PA.O: What in the programmatic space is best left to humans versus delegated to a machine?
Rupert Staines: Automation exists solely for the purpose of executing the simple or more repetitive actions needed to use programmatic effectively. You need emotion in order to ensure that there is a logic applied to the world of media and marketing messaging. You are trying to match human behavior, and that requires a lot of human touch. I would argue that today a huge number of marketers are highly skilled in understanding data.
PA.O: Would you say that humans are necessary for learning how to quantify behaviors?
Rupert Staines: The human role is to understand human behavior in a way that can be translated into technical metrics for programs and machines to understand. I don’t see how you are going to be able to bring the quantitative piece to our marketing ecosystem simply by machine.
You have to teach the machine how to not think like a robot, but like a human, and that requires a whole lot.
Marketers need to focus on how elements from the human world can be recreated in a piece of data and vice versa.
The day machines fully understand human behavior is when marketing turns upside down. I hope it never happens in the industry.
The most important part of understanding marketing is understanding human behavior. Humans are best at understanding human behavior, not machines.
It’s clear that technology can be very clever, but keep in mind that humans built it.
PA.O: Often agencies and advertisers operate under the assumption that programmatic does not require attentive, hands-on guidance from humans. Do you believe programmatic is broken since it lacks human management?
Rupert Staines: No, I don’t think programmatic is broken. People just say programmatic is broken when they are misguided — believing that they can just flip a switch and easily operate these systems themselves.
Programmatic is not simple.
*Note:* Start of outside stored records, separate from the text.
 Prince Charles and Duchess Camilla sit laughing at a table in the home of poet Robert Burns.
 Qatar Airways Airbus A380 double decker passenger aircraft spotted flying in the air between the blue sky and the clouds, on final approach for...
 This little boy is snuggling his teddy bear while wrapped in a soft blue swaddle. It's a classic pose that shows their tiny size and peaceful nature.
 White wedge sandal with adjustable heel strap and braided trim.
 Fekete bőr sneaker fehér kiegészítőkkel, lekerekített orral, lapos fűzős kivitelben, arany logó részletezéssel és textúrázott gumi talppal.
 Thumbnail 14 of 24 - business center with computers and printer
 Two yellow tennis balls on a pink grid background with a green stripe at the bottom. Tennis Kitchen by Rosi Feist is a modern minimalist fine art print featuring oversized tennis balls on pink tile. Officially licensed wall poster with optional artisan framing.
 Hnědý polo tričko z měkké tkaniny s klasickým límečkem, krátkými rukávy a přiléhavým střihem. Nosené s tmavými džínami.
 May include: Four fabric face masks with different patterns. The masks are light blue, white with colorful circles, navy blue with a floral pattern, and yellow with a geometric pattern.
That’s why it requires the human resource.
However, you can use it simply if all you want to do is throw a pixel on your website. But this is a very short-term solution. It is not going to drive campaigns anywhere near the expectations that clients have.
A purist self-serve system today does not exist and frankly, cannot exist because of the human element that we just discussed. We know of clients that will knock down a door to get to the technology. Behind the scenes, they quickly recognize they need a huge amount of human resources to use the technology intelligently.
We are moving to a hybrid model as an industry where programmatic and technology become smarter, enabling the human component of managing programmatic to become even more intelligent.
The technology doesn’t make programmatic smart, but the human decision-making — understanding the data that you have and what you need in order to fuel your particular goals — does.
PA.O: What is on the horizon for programmatic and sports on mobile devices?
Rupert Staines: The power of mobile is location – the ability to understand where human beings are, what they are doing and what state of emotion they are in at this point of time. What comes next is the ability to then apply intelligence to messaging and greet users in a way that is appropriate for them.
Imagine standing in the shopping area where these beautiful Rolex watches are on display and getting a voucher sent to your phone. That’s where it starts to get cool – the mission impossible moment.
Sports lends itself extremely well to real-time messaging. The stadium holds a captive audience. At home, serious fans are in front of the TV set. There are so many great moments to capture, infuse and excite users with well-targeted creative.
At the end of the day, innovation is led by humans. The day humans become less important in the process is the day I would have left the industry.